Nonostante l’ottima impostazione della legge, almeno dal punto di vista degli ideali, la situazione in Italia risulta estremamente problematica e questo viene bene evidenziato dal XV rapporto dell’Associazione Antigone (Associazione Antigone, 2019). L’associazione sottolinea come uno dei problemi principali delle carceri italiane rimanga il sovraffollamento, tanto che, nel 2019, i detenuti erano ben 60.439, per un tasso di sovraffollamento pari al 120%, uno dei più alti in Europa, nonostante vi sia stato un calo dei reati.

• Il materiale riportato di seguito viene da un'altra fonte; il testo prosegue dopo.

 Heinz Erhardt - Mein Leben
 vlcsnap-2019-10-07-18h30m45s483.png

Un’altra problematica dell’Italia è legata ai detenuti in custodia cautelare che continuano a crescere negli anni, fino ad un totale di 9.565 al 31 dicembre 2018, ovvero il 32,8% dei detenuti risulta in attesa di una sentenza definitiva. È importante sottolineare come nel 2017 nel 60,4% dei casi di suicidio il soggetto era privo di una condanna (Associazione Antigone, 2019). Un dato sicuramente eclatante è quello legato ai suicidi, il 2018, infatti, si è chiuso con 67 suicidi; era dal 2009 che non si registrava un dato simile. In concomitanza con questo dato bisogna considerare come altri eventi critici, quali il malessere, atti di autolesionismo, atti di contenimento, tentati suicidi, manifestazioni di protesta individuale e collettive, sono in aumento dal 2015. Sono in aumento, inoltre, anche gli atti di aggressione tra detenuti e contro il personale di polizia penitenziaria, le infrazioni disciplinari e l’isolamento disciplinare. In date 31 dicembre 2017, i detenuti tossicodipendenti erano 14.706 su una popolazione di 57.608, ovvero un 25,53%.

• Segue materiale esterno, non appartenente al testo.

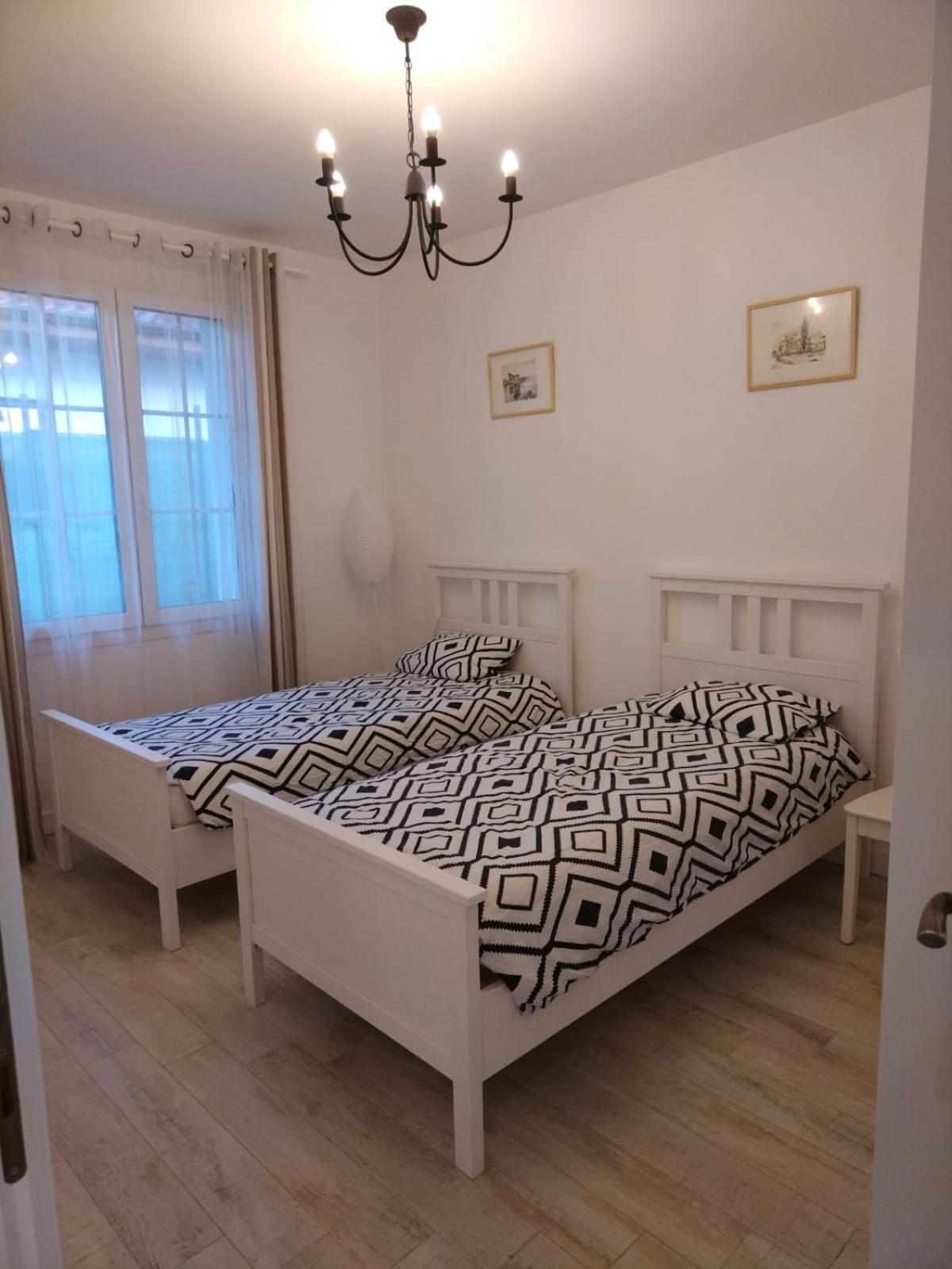 Family Residence Бая-Маре Екстер'єр фото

Infine, risulta opportuno sottolineare le richieste d’aiuto fatte dai detenuti al Difensore Civico di Antigone. Le segnalazioni sono relative alla mancanza di vari diritti, tra cui alla salute, alla territorialità, al lavoro, alla formazione, alla studio e così via. Altre problematiche sono ovviamente legate al sovraffollamento degli spazi detentivi ma anche alle violenze da parte della polizia penitenziaria (Associazione Antigone, 2019). La situazione italiana sembra ancora stare in un limbo: da un lato si stanno iniziando a prendere provvedimenti per attuare migliorie ma, dall’altro, sembrano ancora esserci molti problemi che purtroppo non trovano una facile soluzione.